Cardiovascular diseases (CVDs) are the number one cause of death globally: more people die annually from CVDs than from any other cause. The MetaboliQs project combines diamond-based nuclear spin manipulations and medical imaging to foster the understanding of bio-molecular metabolisms and therefore improve personalized health care. After one year of research, the interdisciplinary and multi-national research consortium can look back on a number of successful milestones, with great promise towards reaching the goal of the project: a novel diamond polarizer that is able to work at room temperature with a 160-times higher efficiency, offering a polarization that is 40-times faster and 4-times cheaper than before.

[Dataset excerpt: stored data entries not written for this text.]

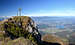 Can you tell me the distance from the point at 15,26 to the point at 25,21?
706 centimetres

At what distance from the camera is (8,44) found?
32.0m

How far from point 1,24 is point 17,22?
38.9 feet

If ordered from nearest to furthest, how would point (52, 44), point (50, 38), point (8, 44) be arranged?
point (8, 44)
point (52, 44)
point (50, 38)

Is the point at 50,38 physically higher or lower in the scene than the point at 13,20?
lower

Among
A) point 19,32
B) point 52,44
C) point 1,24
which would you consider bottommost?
point 52,44

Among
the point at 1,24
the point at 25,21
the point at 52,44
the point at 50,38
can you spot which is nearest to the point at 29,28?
the point at 25,21

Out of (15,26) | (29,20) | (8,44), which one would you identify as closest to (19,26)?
(15,26)

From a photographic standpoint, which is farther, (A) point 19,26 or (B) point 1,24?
(A) point 19,26

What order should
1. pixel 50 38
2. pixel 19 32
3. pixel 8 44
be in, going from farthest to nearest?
pixel 50 38
pixel 19 32
pixel 8 44

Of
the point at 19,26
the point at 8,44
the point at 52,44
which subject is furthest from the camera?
the point at 52,44

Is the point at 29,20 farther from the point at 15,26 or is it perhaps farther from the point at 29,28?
the point at 15,26

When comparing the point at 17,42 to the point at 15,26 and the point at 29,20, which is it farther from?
the point at 29,20

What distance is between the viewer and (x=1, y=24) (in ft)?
162

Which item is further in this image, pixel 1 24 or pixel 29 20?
pixel 29 20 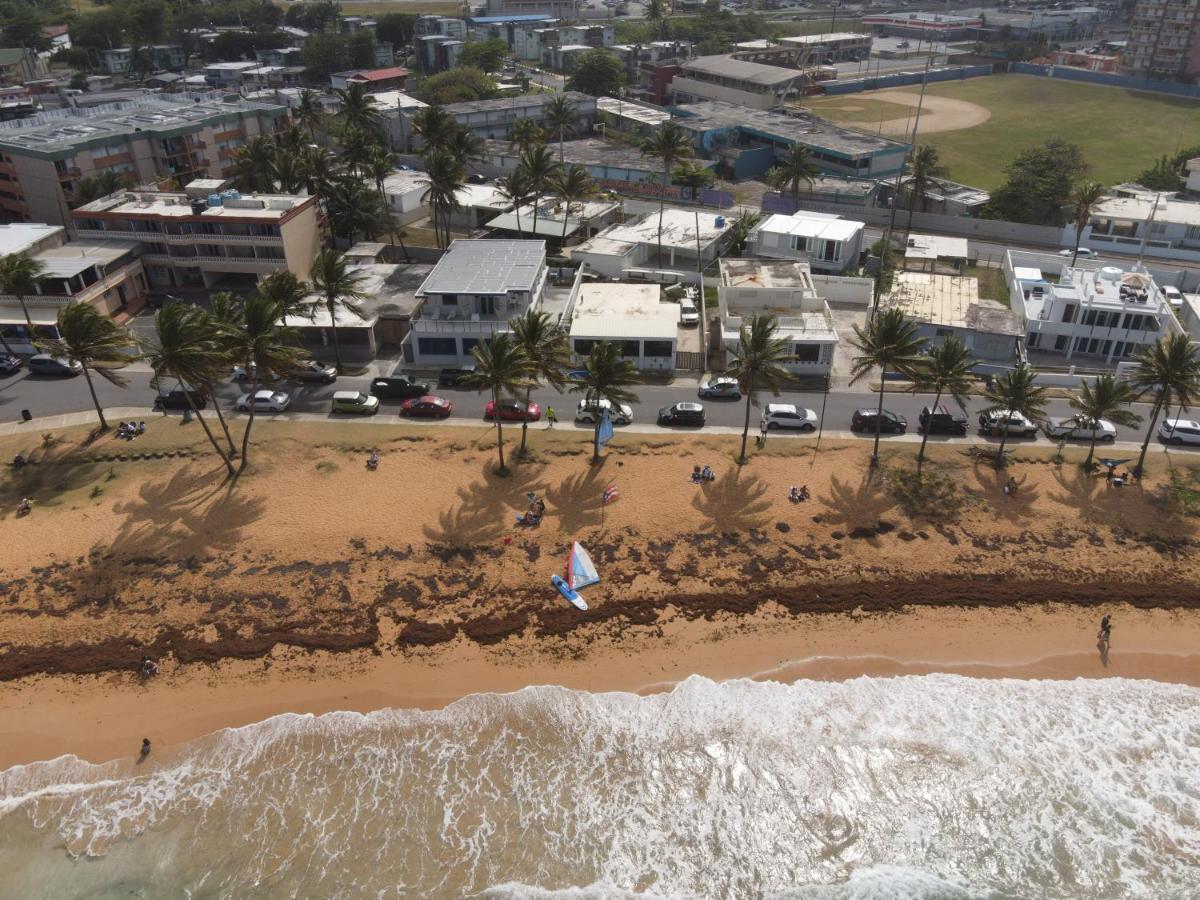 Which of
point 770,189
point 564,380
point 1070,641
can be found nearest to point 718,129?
point 770,189

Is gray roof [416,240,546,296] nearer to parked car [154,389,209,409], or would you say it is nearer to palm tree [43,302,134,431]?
parked car [154,389,209,409]

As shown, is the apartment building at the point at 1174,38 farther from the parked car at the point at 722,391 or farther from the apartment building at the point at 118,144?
the apartment building at the point at 118,144

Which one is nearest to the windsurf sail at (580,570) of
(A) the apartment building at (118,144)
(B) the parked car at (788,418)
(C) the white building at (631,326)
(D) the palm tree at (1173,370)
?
(B) the parked car at (788,418)

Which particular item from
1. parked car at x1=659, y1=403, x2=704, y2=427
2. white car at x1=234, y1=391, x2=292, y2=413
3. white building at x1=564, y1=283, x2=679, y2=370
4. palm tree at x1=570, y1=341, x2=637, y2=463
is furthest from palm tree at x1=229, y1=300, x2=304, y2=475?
parked car at x1=659, y1=403, x2=704, y2=427

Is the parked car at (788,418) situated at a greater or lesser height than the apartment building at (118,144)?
lesser

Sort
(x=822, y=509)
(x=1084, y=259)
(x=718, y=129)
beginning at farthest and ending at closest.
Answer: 1. (x=718, y=129)
2. (x=1084, y=259)
3. (x=822, y=509)

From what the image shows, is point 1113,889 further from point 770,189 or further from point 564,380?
point 770,189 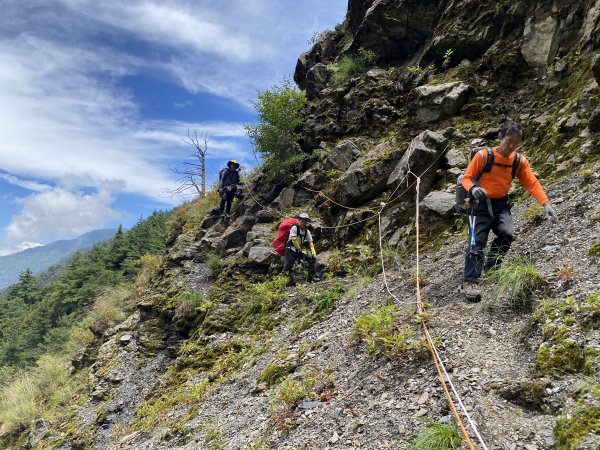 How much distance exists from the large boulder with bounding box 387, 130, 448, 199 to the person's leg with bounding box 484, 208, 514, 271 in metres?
3.97

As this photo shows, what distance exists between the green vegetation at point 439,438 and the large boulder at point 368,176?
817 centimetres

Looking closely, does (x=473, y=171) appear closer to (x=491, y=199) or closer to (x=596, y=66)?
(x=491, y=199)

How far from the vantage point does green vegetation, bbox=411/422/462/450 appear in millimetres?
3467

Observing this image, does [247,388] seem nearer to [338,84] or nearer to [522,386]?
[522,386]

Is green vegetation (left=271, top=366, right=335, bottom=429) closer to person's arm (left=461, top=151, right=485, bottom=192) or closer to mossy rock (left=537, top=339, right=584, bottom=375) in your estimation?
mossy rock (left=537, top=339, right=584, bottom=375)

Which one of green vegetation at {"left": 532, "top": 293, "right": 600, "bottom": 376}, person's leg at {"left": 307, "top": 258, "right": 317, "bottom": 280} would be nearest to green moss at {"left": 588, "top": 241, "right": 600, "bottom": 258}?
green vegetation at {"left": 532, "top": 293, "right": 600, "bottom": 376}

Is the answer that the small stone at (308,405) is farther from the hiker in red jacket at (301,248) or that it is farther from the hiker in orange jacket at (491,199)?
the hiker in red jacket at (301,248)

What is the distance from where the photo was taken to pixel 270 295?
10.6 m

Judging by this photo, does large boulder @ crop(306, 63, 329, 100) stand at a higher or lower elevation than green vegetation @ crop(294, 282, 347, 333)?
higher

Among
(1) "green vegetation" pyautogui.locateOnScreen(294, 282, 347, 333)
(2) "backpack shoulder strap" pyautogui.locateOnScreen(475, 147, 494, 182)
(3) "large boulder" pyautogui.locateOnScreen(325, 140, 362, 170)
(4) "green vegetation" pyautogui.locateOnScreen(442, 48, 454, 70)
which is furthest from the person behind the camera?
(3) "large boulder" pyautogui.locateOnScreen(325, 140, 362, 170)

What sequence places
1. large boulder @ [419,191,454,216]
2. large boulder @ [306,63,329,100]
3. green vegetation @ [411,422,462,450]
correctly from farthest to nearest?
1. large boulder @ [306,63,329,100]
2. large boulder @ [419,191,454,216]
3. green vegetation @ [411,422,462,450]

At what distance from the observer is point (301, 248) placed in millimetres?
10758

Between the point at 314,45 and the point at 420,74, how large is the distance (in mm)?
8012

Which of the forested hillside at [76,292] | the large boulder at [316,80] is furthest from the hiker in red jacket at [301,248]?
the forested hillside at [76,292]
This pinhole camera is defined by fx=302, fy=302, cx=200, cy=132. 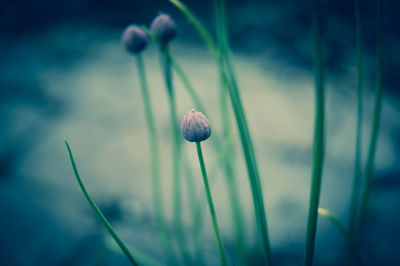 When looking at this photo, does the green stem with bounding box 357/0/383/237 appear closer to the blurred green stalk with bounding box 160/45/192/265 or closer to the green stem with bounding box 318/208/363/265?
the green stem with bounding box 318/208/363/265

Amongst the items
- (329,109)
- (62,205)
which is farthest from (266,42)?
(62,205)

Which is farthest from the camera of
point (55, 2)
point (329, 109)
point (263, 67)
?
point (55, 2)

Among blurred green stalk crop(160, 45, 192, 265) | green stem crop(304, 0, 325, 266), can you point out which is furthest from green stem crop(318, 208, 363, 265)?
blurred green stalk crop(160, 45, 192, 265)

After 12 months into the MetaboliQs research and development activities, the project shines brightly. All deliverables as well as milestones have been submitted in time. The project is being pursued with enthusiasm by all consortium partners involved:

• Fraunhofer IAF in Freiburg, Germany;
• Element Six in Oxfordshire, UK;
• NVision Imaging Technologies in Ulm, Germany;
• Technical University of Munich, Germany;
• Bruker Corporation in Karlsruhe, Germany;
• Hebrew University of Jerusalem, Israel; and
• Swiss Federal Institute of Technology in Zurich, Switzerland

Highlights of the first 12 months were:

a)     Diamond plates of up to 8 × 8 mm² in size, fabricated by Element Six

Using a microwave plasma chemical vapour deposition (MPCVD) growth process, Element Six has demonstrated a route to produce diamond plates > 8 × 8 mm² with a low nitrogen concentration ([N] < 10¹⁵ cm^-3). This is a significant increase in size over existing, commercially available, high purity diamond plates, which are typically no larger than 4.5 × 4.5 mm². This is a notable milestone towards the hyperpolarisation system being developed in the EU-funded MetaboliQs project.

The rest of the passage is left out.